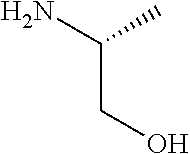 Figure US11912663-20240227-C00089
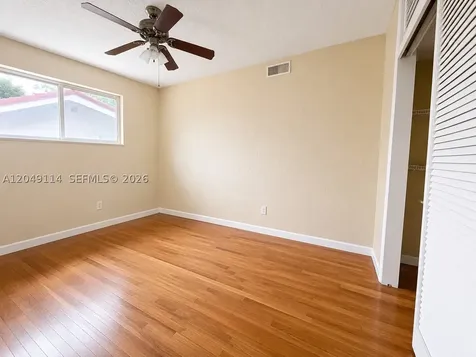 1161 Starling Avenue Miami Springs FL 33166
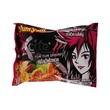 Yum Yum Xcite Instant Noodle Tom Yum Shrimp 70G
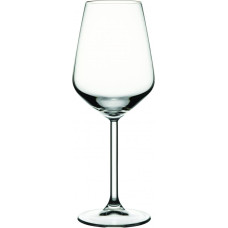 WAS ALLEGRA VĪNA GLĀZE 35CL, STIKLS, WAS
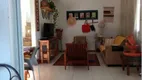 Foto 9 de Casa de Condomínio com 4 Quartos à venda, 130m² em Boa Uniao Abrantes, Camaçari
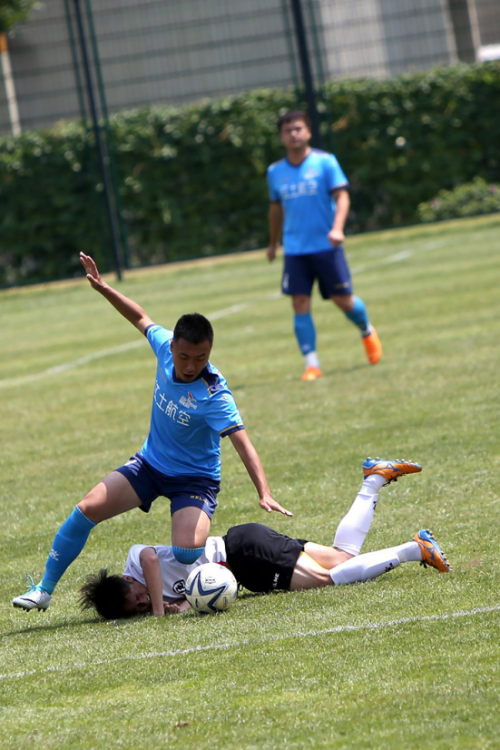 W020180820420337772391 W020180820420337772391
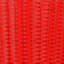Cade Rattan Tree Skirt-1636266127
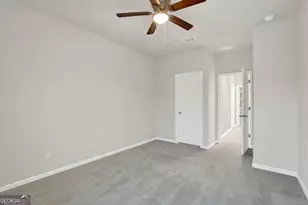 183 Benelli Dr, Pooler, GA 31322 - Photo 26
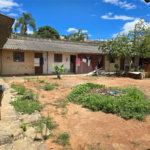Casa à venda com 18 quartos em Vila Belo Horizonte, Itapetininga, SP
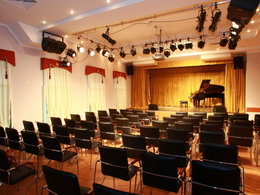 ��������� ���������� ����� (��� ��&nbsp;���������)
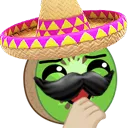 KiwiJAJAJA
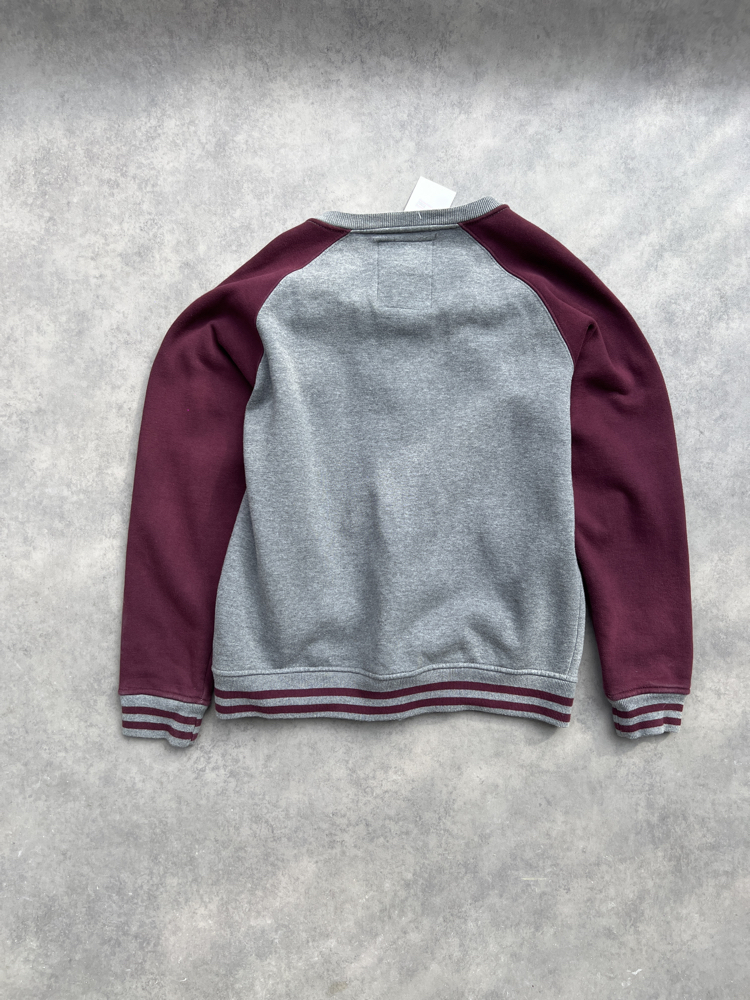 Dickies vintage Jacket M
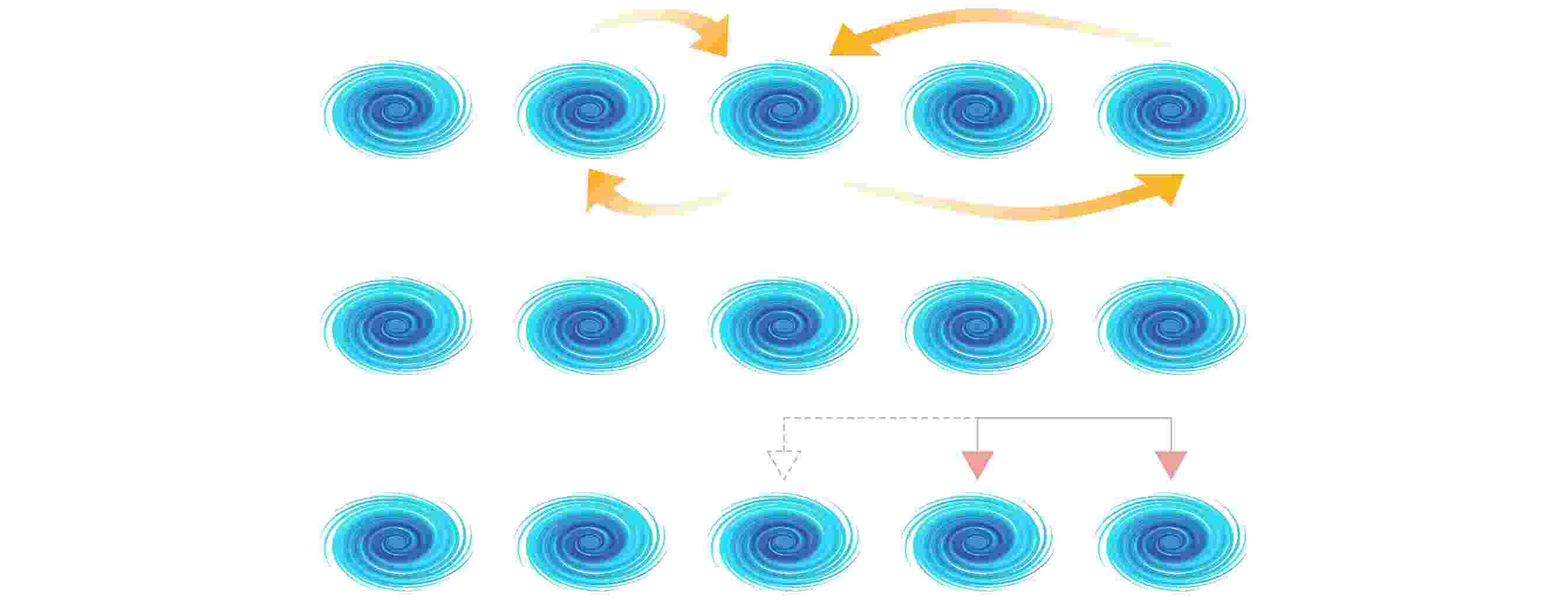 Majorana zero mode and its lattice construction in iron-based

WHAT NEEDS TO BE DONE
Your answer should be the lines from the line containing "Foto 9 de Casa" through the end of the listing above, output exactly and alone, without the pictures.

RESPONSE FOR THIS EXERCISE
 Foto 9 de Casa de Condomínio com 4 Quartos à venda, 130m² em Boa Uniao Abrantes, Camaçari
 W020180820420337772391 W020180820420337772391
Cade Rattan Tree Skirt-1636266127
 183 Benelli Dr, Pooler, GA 31322 - Photo 26
Casa à venda com 18 quartos em Vila Belo Horizonte, Itapetininga, SP
 ��������� ���������� ����� (��� ��&nbsp;���������)
 KiwiJAJAJA
 Dickies vintage Jacket M
 Majorana zero mode and its lattice construction in iron-based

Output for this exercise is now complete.